ふと思い立ったその先は、京都ではなかった。
軽い気持ちで決めた、初めてのインドへの旅。しかも、一人旅だ。
2020年2月、僕はデリーの空港に降り立った。
蒸し暑い風、砂埃で濁り切った空気、おびただしい人数の客引き・・。
空港を出てすぐに、それまでは見聞きしていただけの「インドらしさ」を存分に浴び倒した僕。
旅特有の高揚感に浸るのに、長い時間はかからなかった。
まずはUberに乗り、予約していたホテルにチェックイン。
民族衣装を身にまとったインド美女が部屋まで案内してくれ、謎の赤い塗料をおでこに塗ってくれた。
鏡の中には、「インドに浮かれてるアジア人」のお手本みたいなやつがいた。
さらに、その美女はウェルカムチャイまで出してくれた。
「ウェルカムといえばシャンパン」という、港区女子みたいな思考(偏見だ)とは対局にいる僕でも、このホスピタリティには感激した。
いいぞ、到着からここまでは、極めて順調だ。
誰だ、「インドは難易度が高い。ましてや一人旅なんて、やめておけ」なんて言ったやつは。
気を良くした僕は、すぐさま街へと出た。
ちなみに僕には友達がいないので、「なんて言ったやつ」、なんてやつはいない。
まずは、翌朝向かうタージマハル行きの電車のチケットを買うために、ニューデリー駅へ。
ところが、どこをどう探しても、ネットで調べたその切符売場が見つけられない。
数十分さまよって分かったのは、どうやら日本で言うところの、「JRとメトロの駅が別々でめっちゃ離れてる」的なトラップだったようだが、無事にたどり着き、チケットを買うことができた。
この旅初めての想定外だ。だが、「旅の醍醐味は想定外にこそある」、なんて名言めいたモットーを持つ僕としては、むしろその「旅らしさ」にテンションを上げてさえいた。
そろそろ夕食にしよう。インド旅行、初めての食事だ。
やはり「これぞインド」的なものが食べたい。ガイドブックをめくる僕の目に、ある文言が飛び込んできた。
「タンドリーチキン発祥の店」。
これだ、これしかない。
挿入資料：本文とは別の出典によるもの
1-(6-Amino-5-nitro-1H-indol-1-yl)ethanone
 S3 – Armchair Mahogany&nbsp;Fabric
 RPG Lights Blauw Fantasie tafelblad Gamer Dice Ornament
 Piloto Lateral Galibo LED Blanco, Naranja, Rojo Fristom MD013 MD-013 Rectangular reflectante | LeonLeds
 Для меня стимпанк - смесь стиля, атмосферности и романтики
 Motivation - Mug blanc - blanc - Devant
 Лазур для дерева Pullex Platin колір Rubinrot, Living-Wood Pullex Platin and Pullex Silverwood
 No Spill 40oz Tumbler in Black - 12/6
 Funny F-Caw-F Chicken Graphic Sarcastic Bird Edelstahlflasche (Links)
インド一食目にふさわしい肩書だ。
僕はすぐにUberを呼び、その店に向かった。
インド一食目は素晴らしいものだった。看板のタンドリーチキンはもちろん、カレーにナン、ラッシーまでが全て美味かった。
上機嫌で店を出た僕は、ホテルへ戻ろうと、またiphoneでUberを開いた。
ところで僕は元来、どちらかと言うと用心深い方の人間だ。
ましてや海外ならなおさらだ。これまで海外には10数カ国は行っているが、トラブルに遭ったことは皆無。
むしろ、用心深すぎるが故に、純粋な好意や親切で声をかけてきてくれた人に冷たい対応をとってしまい、後で自己嫌悪に陥る、なんて経験をザラにしてきた。
今振り返ると、なぜあの瞬間、危機意識があれほどまでに低下してしまっていたのか、自分でもわからない。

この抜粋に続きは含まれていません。